Вызовы современного глобального сообщества.Я имею в виду именно современное общество, потому что «открытие Америки» или первые кругосветные путешествия, доказавшие, что земля круглая, несомненно, являются событиями глобального масштаба. Эти и многие другие события положили начало превращению мира как совокупности человеческих сообществ, разделенных морями и океанами, в глобальный, то есть взаимозависимый мир. Значительная часть подобной «глобальной интеграции» была достигнута силовым способом. Тем не менее, параллельно развивались торговые, социальные и иные сети. Главный сдвиг – это растущая взаимозависимость местных сообществ, стран и регионов. Одни авторы называют Первую мировую войну началом процесса глобализации, другие – становление глобальных социальных институтов и выработку общих «международных правил игры», третьи – переход ведущих капиталистических стран в фазу Четвертой промышленной революции, то есть в фазу информационного производства.

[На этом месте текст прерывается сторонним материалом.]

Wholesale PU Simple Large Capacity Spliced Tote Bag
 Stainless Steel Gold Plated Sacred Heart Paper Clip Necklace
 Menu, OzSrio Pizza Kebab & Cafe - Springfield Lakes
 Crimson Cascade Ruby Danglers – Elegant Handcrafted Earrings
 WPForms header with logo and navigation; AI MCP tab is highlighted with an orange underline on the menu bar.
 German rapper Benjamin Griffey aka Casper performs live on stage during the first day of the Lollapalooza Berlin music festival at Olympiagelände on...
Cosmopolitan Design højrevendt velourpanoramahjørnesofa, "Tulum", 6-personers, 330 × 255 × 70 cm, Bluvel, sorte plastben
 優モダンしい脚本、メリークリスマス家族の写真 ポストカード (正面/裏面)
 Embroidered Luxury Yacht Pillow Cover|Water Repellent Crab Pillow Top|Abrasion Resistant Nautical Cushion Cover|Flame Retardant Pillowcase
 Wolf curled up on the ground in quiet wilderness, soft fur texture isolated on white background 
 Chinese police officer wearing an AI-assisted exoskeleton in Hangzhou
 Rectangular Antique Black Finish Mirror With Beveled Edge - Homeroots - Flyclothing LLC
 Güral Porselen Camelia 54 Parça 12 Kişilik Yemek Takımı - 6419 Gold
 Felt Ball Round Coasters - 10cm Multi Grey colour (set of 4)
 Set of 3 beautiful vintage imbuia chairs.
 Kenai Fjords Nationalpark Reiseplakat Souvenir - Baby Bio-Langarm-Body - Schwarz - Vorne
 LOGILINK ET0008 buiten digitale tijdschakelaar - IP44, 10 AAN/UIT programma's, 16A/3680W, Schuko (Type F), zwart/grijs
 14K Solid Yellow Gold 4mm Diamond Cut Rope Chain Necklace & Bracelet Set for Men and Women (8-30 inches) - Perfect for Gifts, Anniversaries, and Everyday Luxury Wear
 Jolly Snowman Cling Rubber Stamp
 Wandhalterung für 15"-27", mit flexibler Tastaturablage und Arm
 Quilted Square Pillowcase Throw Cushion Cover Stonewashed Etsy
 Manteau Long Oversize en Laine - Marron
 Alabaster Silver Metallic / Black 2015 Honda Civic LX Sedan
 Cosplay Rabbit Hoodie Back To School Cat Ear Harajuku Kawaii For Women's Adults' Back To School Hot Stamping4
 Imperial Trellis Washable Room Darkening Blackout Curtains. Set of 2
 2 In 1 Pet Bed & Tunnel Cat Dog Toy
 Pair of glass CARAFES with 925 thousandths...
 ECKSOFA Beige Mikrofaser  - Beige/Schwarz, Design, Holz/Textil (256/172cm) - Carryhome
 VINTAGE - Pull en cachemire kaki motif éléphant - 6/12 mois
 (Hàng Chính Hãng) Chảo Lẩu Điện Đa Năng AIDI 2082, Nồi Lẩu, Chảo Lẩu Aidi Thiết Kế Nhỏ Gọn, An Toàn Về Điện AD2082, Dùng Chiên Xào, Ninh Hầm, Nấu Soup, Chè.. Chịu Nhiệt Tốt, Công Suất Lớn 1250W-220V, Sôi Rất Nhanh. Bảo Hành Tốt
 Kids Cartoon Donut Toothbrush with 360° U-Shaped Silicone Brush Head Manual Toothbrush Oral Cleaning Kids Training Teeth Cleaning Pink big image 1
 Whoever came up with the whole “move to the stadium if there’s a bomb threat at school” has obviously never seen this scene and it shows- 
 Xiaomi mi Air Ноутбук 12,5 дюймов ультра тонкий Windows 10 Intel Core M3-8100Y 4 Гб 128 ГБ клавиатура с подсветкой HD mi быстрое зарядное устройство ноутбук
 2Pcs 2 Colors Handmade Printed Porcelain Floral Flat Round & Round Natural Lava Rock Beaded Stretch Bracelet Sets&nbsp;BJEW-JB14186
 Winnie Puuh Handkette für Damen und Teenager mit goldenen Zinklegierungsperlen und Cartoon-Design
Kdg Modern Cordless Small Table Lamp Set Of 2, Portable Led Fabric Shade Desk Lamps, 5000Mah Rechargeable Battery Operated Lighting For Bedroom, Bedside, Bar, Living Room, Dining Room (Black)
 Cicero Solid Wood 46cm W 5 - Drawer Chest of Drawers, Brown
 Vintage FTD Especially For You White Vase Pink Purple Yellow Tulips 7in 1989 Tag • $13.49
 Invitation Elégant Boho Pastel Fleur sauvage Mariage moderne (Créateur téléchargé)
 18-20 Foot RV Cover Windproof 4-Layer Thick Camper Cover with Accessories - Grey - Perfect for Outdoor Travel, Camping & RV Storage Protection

С моей точки зрения, наиболее существенно то, что большинство ученых и политиков земного шара почувствовало включенность своих стран и институций в этот глобальный «круговорот», какие бы местные силы не призывали к изоляции от него. Я позволю себе провести аналогию с концепцией биосферы, сформулированной Тейяром де Шарденом и В.И. Вернадским в начале ХХ века (Вернадский, 1980). Оба они были согласны в том, что дело не только в феномене всеобщей взаимозависимости, но и в том, что сформировалась глобальная суперсистема, имеющая собственные закономерности эволюции. Впоследствии американский биолог и экономист Б. Коммонер сформулировал эту взаимозависимость следующим образом: «Все связано со всем и все куда-то попадает. И ничто не дается даром». В терминах системной динамики эту взаимозависимость сформулировал американский ученый Дж. Форрестер (Forrester, 1971).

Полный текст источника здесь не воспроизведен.